In a follow-up to her Restoration London,
Picard delivers an encyclopedic distillation of mid-18th-century daily life in Europe's largest, most dynamic city—i.e., she conveys what it was like to be Sam Johnson's neighbor. Her zoom lens focuses on living and working conditions of both rich and poor, health and welfare systems (such as they were), crime and punishment, pleasures, cuisine, fads and fashions, manners and customs. She also features the gray fogs, rank smells, black filth, grinding poverty, nearly nonexistent hygiene (among all classes) and rampant disease. Her sources include travelers' accounts, local diarists, the Gentleman's Magazine,
the Ladies Dispensary, or Every Woman Her Own Physician
and Boswell's frank journals. Readers will not look again at historical portraits of Londoners without shuddering at what most history books conceal. Much of Picard's jocularity succeeds, as when she considers prices: "enough gin to get drunk on" cost a penny, "enough gin to get dead drunk on" cost tuppence; two-and-a-half shillings—slightly more than a journeyman tailor's daily pay—could get a tooth extracted or buy a chicken; a shilling and a pint of cheap wine afforded one a prostitute. This pleasingly plotless book offers fascinating snapshots of the appealing and the repellant in a particular time and place. 32 pages of color and b&w photos not seen by PW. (July)

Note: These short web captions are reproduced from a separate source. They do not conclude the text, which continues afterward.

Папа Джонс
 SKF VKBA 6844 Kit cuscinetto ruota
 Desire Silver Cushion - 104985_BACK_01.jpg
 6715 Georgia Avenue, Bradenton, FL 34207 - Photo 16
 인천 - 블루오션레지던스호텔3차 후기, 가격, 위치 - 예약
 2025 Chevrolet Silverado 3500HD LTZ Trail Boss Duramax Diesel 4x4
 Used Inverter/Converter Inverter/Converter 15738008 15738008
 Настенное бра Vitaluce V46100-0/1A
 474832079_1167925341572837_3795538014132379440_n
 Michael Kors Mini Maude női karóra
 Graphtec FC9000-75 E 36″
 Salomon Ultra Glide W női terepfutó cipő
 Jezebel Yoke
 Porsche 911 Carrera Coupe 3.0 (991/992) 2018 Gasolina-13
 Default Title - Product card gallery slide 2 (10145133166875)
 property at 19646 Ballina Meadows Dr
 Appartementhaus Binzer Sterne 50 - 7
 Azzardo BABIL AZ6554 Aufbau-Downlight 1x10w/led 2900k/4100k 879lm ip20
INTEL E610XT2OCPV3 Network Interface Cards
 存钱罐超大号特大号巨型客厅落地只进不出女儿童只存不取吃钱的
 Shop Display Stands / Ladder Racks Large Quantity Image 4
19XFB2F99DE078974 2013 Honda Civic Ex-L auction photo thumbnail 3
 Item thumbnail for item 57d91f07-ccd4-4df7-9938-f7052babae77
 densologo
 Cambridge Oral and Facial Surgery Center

Forecast:The audience for this may be less specialized than it would seem, as film-goers and readers of period novels will find this chatty book an intriguing contrast to romantic depictions. It may also get a boost from a minor Johnson/Boswell revival, including the publication late last year of Peter Martin's
A Life of James Boswell and Adam Sisman's forthcoming
Boswell's Presumptuous Task: The Making of the Life of Dr. Johnson.